One John Militello, clearly one of my more fervent supporters, writes to me that “my ultra-left-winger view ... does not take into account that we are at war, a war different than any other in our history.” And he adds, almost nonchalantly, “Is it going to be a perpetual war? Are we going to lose our civil liberties? I don’t know.”

Well, here’s what I know. We ought to fight with every breath for our civil liberties — and for all the rights and protections they afford. Even for, or perhaps especially for, those who don’t like us. For if we lose our civil rights, the goddamn terrorists win, no matter what happens.

I may not get the Nathan Hale award for this, but, hello: We are not, repeat, not, at war. According to the Constitution of the United States, that takes an official declaration by Congress. Presidents improperly stopped doing that after World War II for various reasons.

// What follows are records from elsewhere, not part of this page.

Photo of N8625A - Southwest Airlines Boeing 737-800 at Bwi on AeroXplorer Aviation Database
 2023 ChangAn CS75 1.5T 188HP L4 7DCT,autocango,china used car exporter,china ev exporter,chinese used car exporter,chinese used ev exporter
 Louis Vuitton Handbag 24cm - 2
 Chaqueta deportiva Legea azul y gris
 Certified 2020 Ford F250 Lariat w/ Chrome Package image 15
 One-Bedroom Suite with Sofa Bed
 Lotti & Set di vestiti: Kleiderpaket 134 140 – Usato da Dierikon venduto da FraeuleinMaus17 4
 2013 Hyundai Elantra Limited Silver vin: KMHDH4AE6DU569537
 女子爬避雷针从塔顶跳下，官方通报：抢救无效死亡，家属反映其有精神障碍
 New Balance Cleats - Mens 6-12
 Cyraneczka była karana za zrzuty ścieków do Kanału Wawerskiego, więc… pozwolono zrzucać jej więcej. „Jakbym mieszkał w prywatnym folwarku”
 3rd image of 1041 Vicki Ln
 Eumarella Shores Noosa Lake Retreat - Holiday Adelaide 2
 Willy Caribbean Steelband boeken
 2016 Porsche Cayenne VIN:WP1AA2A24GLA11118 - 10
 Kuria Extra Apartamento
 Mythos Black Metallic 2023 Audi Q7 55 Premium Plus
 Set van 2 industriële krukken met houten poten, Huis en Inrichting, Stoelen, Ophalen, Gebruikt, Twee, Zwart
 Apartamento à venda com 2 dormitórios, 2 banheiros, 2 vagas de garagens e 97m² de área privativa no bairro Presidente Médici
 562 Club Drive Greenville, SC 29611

But George Bush saying this is a war doesn’t make it so, not legally, anyway. You don’t have to be a historian to know that some of our wonderful presidentially decreed wars have turned out badly, especially when the presidents have lied to us about who and what we are fighting for — which several of them did, all throughout Vietnam.

Couldn’t happen again, you say? Yeah, right. We are now engaged in a uniquely shadowy so-called “war.” We don’t even have a nation-state as our focus, just something we are calling al-Qaeda.

Now it should be self-evident that no one should have any tolerance for terrorism or suicide bombers. If we can find Osama bin Laden and kill him, good. We should want anybody connected with Sept. 11 prosecuted and punished to the fullest extent of the law.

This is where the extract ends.